While calm, it didn’t result in a great day for finding whales. We only encountered rough-toothed dolphins, which themselves proved too elusive to do more than photograph.
The rain has picked up as I’ve written this and, I suspect, will continue. Ana keeps skirting our shores, albeit slowed as a face-off with a strong westerly shear tries to push her our way. Thankfully for Kauai, a ridge in the skies above us is preventing that. In the next few days, after Ana has passed us, she’s expected to round the western edge of this ridge and head for the Northwestern Hawaiian Islands.
The Hawaiian Island chain doesn’t end with Kauai but keeps going northwest another 1,000 miles with a string of islands, islets and atolls, all a part of the conveyor belt of the Hawaiian archipelago. At one time, these islands, islets, and atolls all stood over the hot spot in the earth’s crust that continues building Big Island. Today, these areas are home to 7,000 species of flora and fauna.
Nearly 100% of Laysan albatrosses nest in the Northwestern Hawaiian Islands. Thankfully, they haven’t quite returned for the season. Some 85% of Hawaiian Monk Seals reside in these waters. And almost 100% of Hawaii’s population of Green sea turtles migrate to these kupuna, older, islands to nest.

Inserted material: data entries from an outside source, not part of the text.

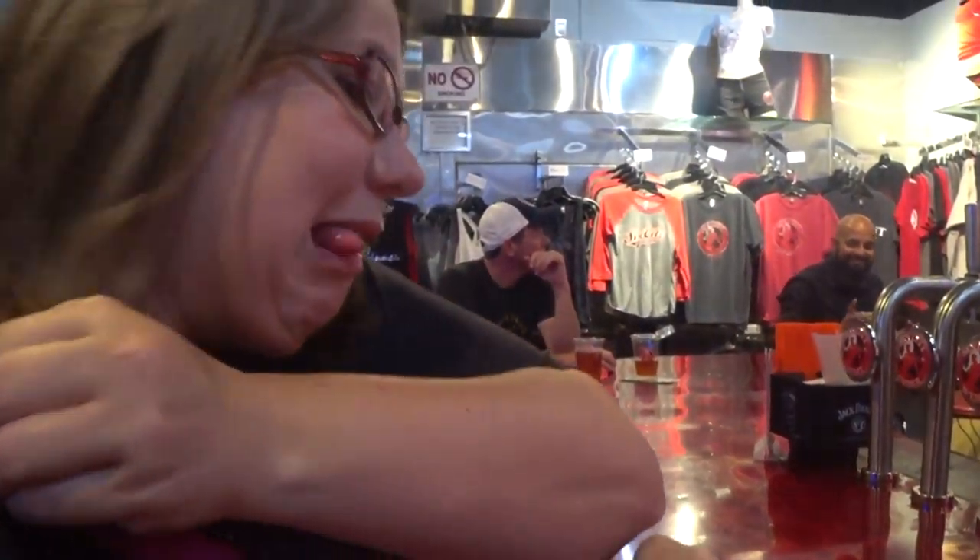Next on our list is Sin City Brewing Company. They have about four different locations and we're going to the one in the Miracle Mile shops — the Planet Hollywood location. They're really good if you want something really Vegas-y. Let's grab a pint, but first let's check into Yelp so we can get half off that pint. Don't forget to check in! I got a Weiss, which is a German wheat beer, and she went with the amber. Cheers!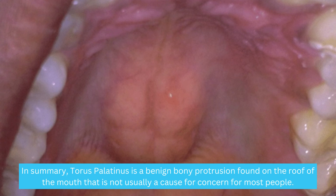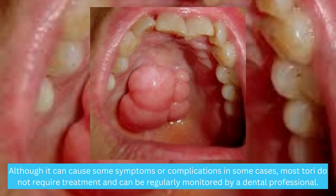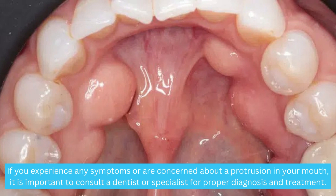In summary, Taurus palatinus is a benign bony protrusion found on the roof of the mouth that is not usually a cause for concern for most people. Although it can cause some symptoms or complications in some cases, most Tauri do not require treatment and can be regularly monitored by a dental professional. If you experience any symptoms or are concerned about a protrusion in your mouth, it is important to consult a dentist or specialist for proper diagnosis and treatment.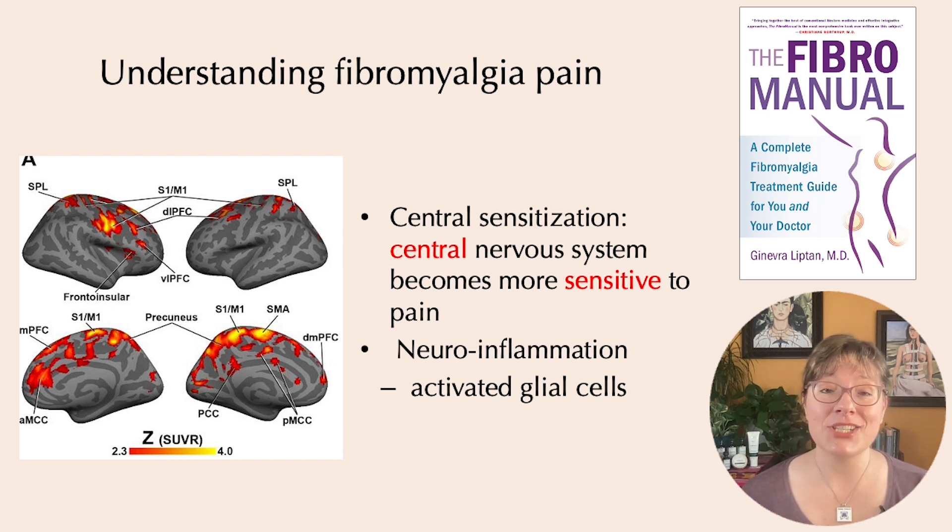Central sensitization and neuroinflammation are just one part of fibromyalgia pain. I encourage you to check out my book, The Fibromanual, where I go into the full story of fibromyalgia pain, other symptoms, and how to treat it.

What’s more there are birds and plants found in the Northwestern Hawaiian Islands and nowhere else in the world, including the Nihoa finch, Nihoa millerbird, Laysan finch, and Laysan duck. Along with the Laysan sedge, Nihoa carnation, and Nihoa fan palm.
So, while the local media will shut down its 24/7 coverage of Hurricane Ana and evacuation shelters will close and schools and businesses will re-open, Ana’s potential for devastation won’t end when she passes south of Kauai, and I’ll still be on alert.

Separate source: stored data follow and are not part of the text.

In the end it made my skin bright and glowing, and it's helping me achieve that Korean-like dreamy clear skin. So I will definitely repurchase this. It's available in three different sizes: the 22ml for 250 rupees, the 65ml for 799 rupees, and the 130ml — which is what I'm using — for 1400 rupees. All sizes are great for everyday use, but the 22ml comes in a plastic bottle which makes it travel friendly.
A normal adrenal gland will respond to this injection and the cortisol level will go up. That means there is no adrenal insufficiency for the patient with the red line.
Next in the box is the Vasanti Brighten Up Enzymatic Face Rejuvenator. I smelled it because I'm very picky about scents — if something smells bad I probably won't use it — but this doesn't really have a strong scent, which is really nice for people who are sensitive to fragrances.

Hopefully, Weather Underground and NOAA will continue their coverage of Hurricane Ana even once she passes the Main Hawaiian Islands.
To learn more about the research in which I participated, visit Cascadia Research Collective’s website.
7 Comments Add yours
Mahalo, Kim. This is a great reminder that all the critters can use our blessings as `Ana passes. I hope those fledging Newellʻs chicks in the mountains have seen the worst of the wind.
Let’s hope they stay out of Ana’s way at sea, too, Hob.
You’ve been on my mind, Kim, But when the news said Ana was moving to the south, I thought you were going to be fine. Your article has indicated how “locals” always know their surroundings best and know how to protect themselves. Thanks for this … I’ve found it most informative as I’ve never lived in hurricane areas. My expertise is limited to desert winds and earthquakes. While at sea, I’ve never been in a hurricane except when we skirted the wake of one off the coast of Caba San Lucas more than thirty years ago. Shall I say it was memorable!!! I’ll keep my gaze fixed on Ana for a few more days. 🙂
Thanks, Catherine. You might have had a more exciting hurricane experience than I’ve ever had!
A fine essay, very moving.
It is really wonderful that you are part of an effort to keep track of whales, albatross, and other creatures in Hawaii. You are an inspiration. I read that Ana veered away from the islands and that you are safe. Thank goodness. Your husband sounds resourceful and certainly the plywood would have done the trick. What an interesting life you lead.